Representative optical sections acquired by confocal microscopy of double immunofluorescence stainings for von Willebrand factor (vWF; red), integrin αν (green), fibroblast growth factor (FGF)-2 (green), FGF receptor (R)1 (green) and phosphorylated-extracellular signal-regulated kinase (p-Erk)1/2 (green). Nuclear counterstaining with DAPI (blue). Scale bars=20 μm. a–c) vWF/integrin αν double immunofluorescence staining shows increased αν integrin staining in lumen occluding vWF+) cells, media layer cells and surrounding cellular infiltrate and alveolar cells of b) Sugen-chronic hypoxia (SuHx) animals, whereas less αν integrin staining is found in and around vessels of a) control and c) SuHx/thyroidectomised (THx) animals. d–f) vWF/FGF-2 double immunofluorescence staining demonstrates elevated FGF-2 staining predominantly in lumen occluding vWF+ cells, but also in media layer cells and surrounding cellular infiltrate and alveolar cells of e) SuHx animals, whereas FGF-2 is found less in and around vessels of d) control and f) SuHxTHx animals. g–i) vWF/FGFR1 double immunofluorescence staining reveals extensive immunoreactivity for FGFR1 in lumen occluding vWF+ cells, media layer cells and surrounding cellular infiltrate and alveolar cells of h) SuHx animals, whereas less FGFR1 staining is found in and around vessels of g) control and i) SuHxThx animals. j–l) vWF/p-Erk1/2 double immunofluorescence staining clearly demonstrates multiple lumen occluding vWF+ cells exhibiting strong nuclear and cytoplasmatic p-Erk1/2 staining in an angioproliferative lesion of k) SuHx animals, whereas less vWF+/pErk1/2+ cells are found in vessels of j) control and l) SuHxThx animals. Note the highly increased p-Erk1/2 staining in media layer cells, infiltrating and alveolar cells of SuHx animals as compared to control and SuHxThx animals. Also note the difference in endothelial (vWF+, red) morphology between control animals (flat nucleus) and SuHxThx animals (round, activated nucleus) in images a–l).

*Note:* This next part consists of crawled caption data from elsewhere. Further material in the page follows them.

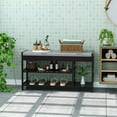 thumbnail image 4 of Homfa Bamboo Storage Bench with 2 Tiers Shoe Rack, Bathroom Shoe Bench Bed End Stool with Flip Top and Padded Seat, Vintage (up to 7 Shoes), 4 of 7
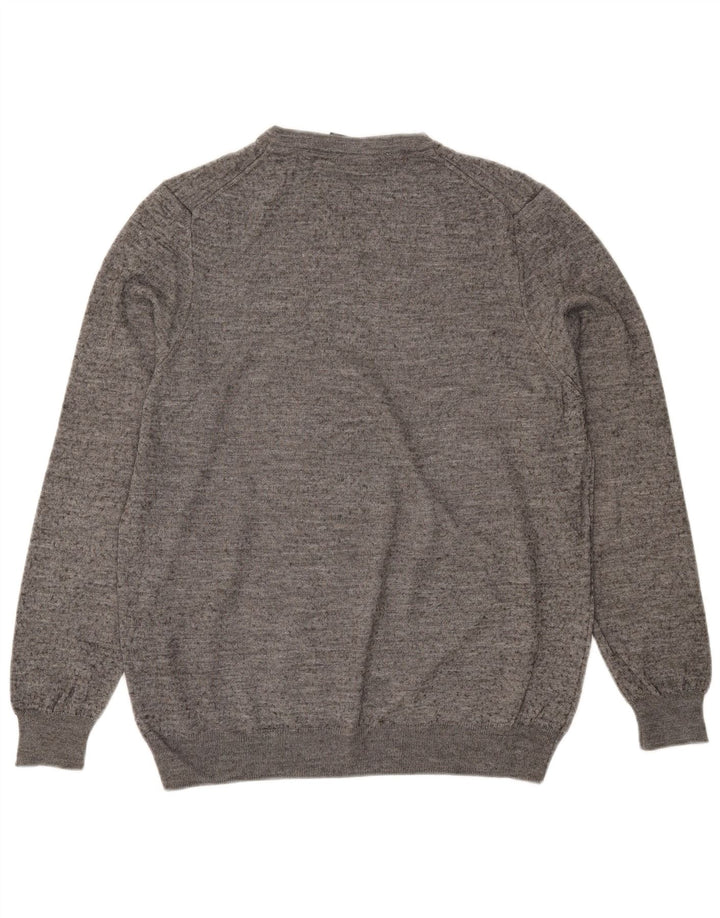 Męski sweter z dekoltem w kształcie litery V, Lyle & Scott, duży, szary, nakrapiany, z wełny merynosów
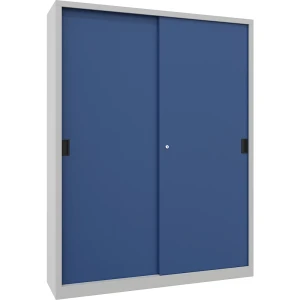 Pavoy Schiebetürenschrank, Höhe 1950 mm, Vollblechtüren, BxT 1500 x 400 mm, mit Trennwand und 2 x 4 Fachböden, Tür enzianblau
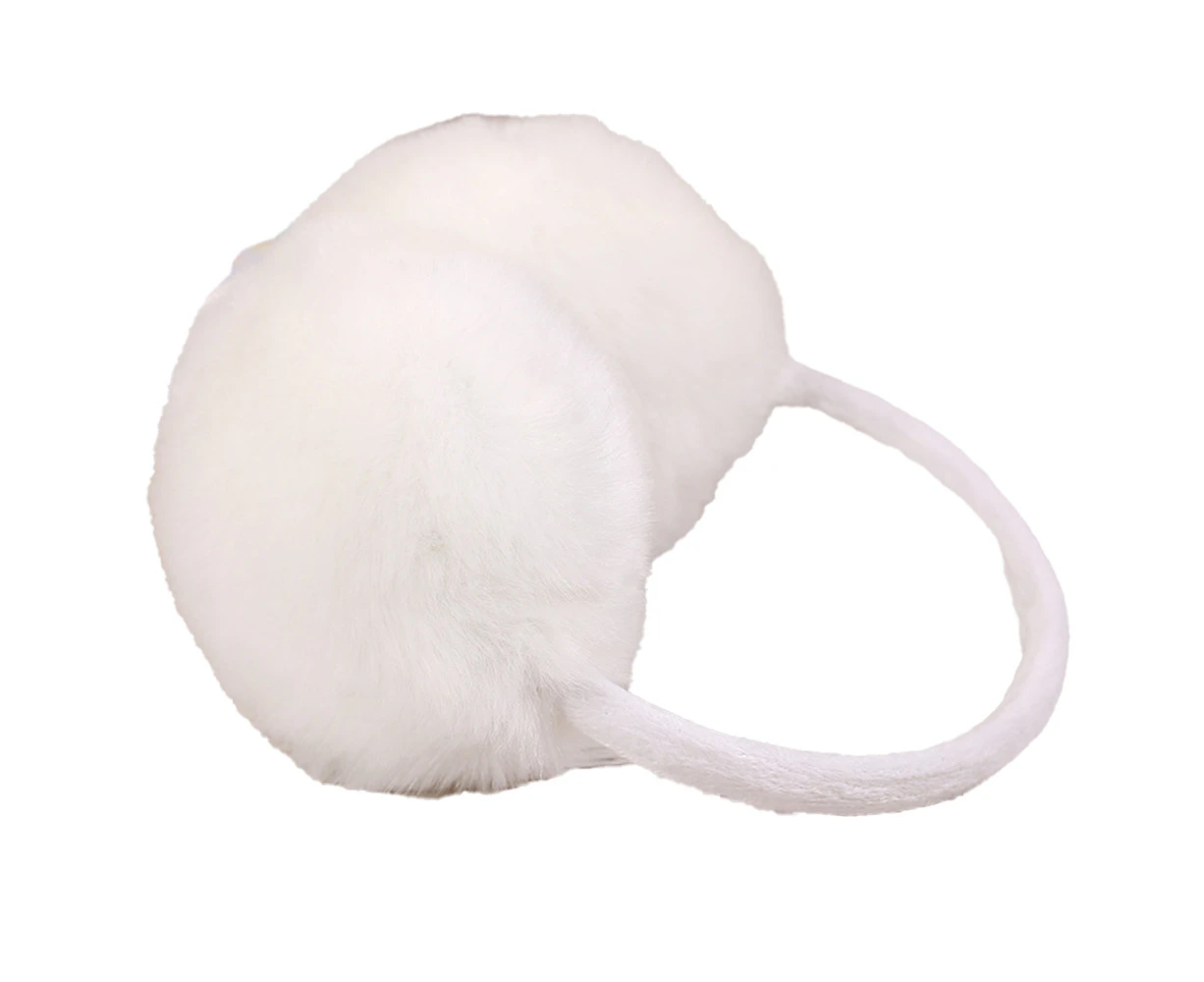 Men's/women's artificial furry warm winter outdoor earmuffs - White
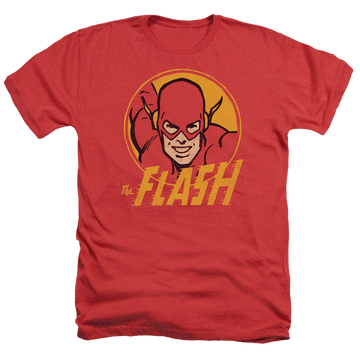 Red men's heather t-shirt with Flash Circle graphic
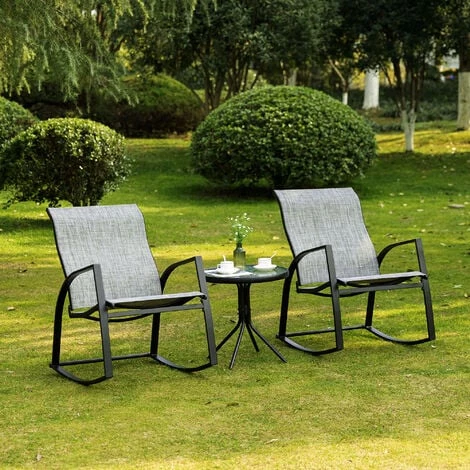 Outsunny Ensemble De Jardin 3 Pièces 2 Fauteuils à Bascule Table Basse Plateau Verre Trempé Acier époxy Textilène Gris 4 Outsunny Ensemble De Jardin 3 Pièces 2 Fauteuils à Bascule Table Basse Plateau Verre Trempé Acier époxy Textilène Gris – Image 2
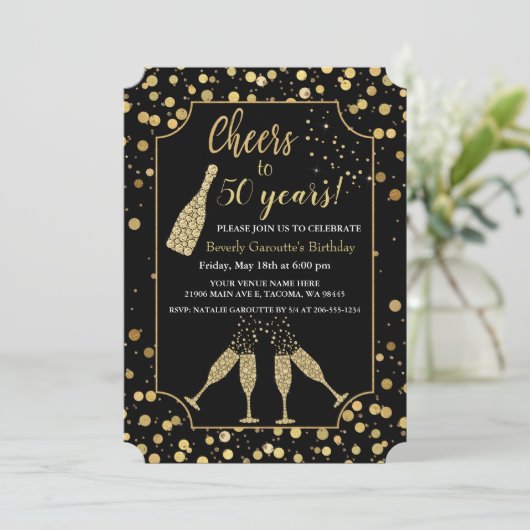 Invitation de fête d'anniversaire à la mode (Debout devant)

PTU treatment of rats with established PH
Having established that thyroidectomy prevents the development of angioproliferative PAH in the SuHx model, we next examined whether PTU would affect established PAH in the SuHx model. 4 weeks’ treatment with daily dosing of PTU reduced the RVSP, PVRI and RV hypertrophy (fig. 6). These results show that reduction in thyroxin levels is not only able to prevent but also reverse, at least in part, PH and its consequences on the RV. Figure 7 shows that PTU treatment reduced the number of completely or partially occluded arterioles in the lung. In fact, the number of patent vessels correlated with the RVSP, and the number of obliterated vessels also related to the degree of RV hypertrophy. Figure 7g shows the percentage of patent and obliterated arterioles. Similar to the thyroidectomised SuHx animals, PTU treatment resulted in a reduction in the number of PCNA positive cells (fig. S8). The expression of FGF-2 but not of the αvβ3 protein was reduced in the lung tissues from the PTU treated animals (fig. S9). Thus, PTU treatment of SuHx rats with established PAH and lung arteriolar obliteration altered the tissue protein expression of growth and apoptosis-related factors in a direction similar to thyroidectomy.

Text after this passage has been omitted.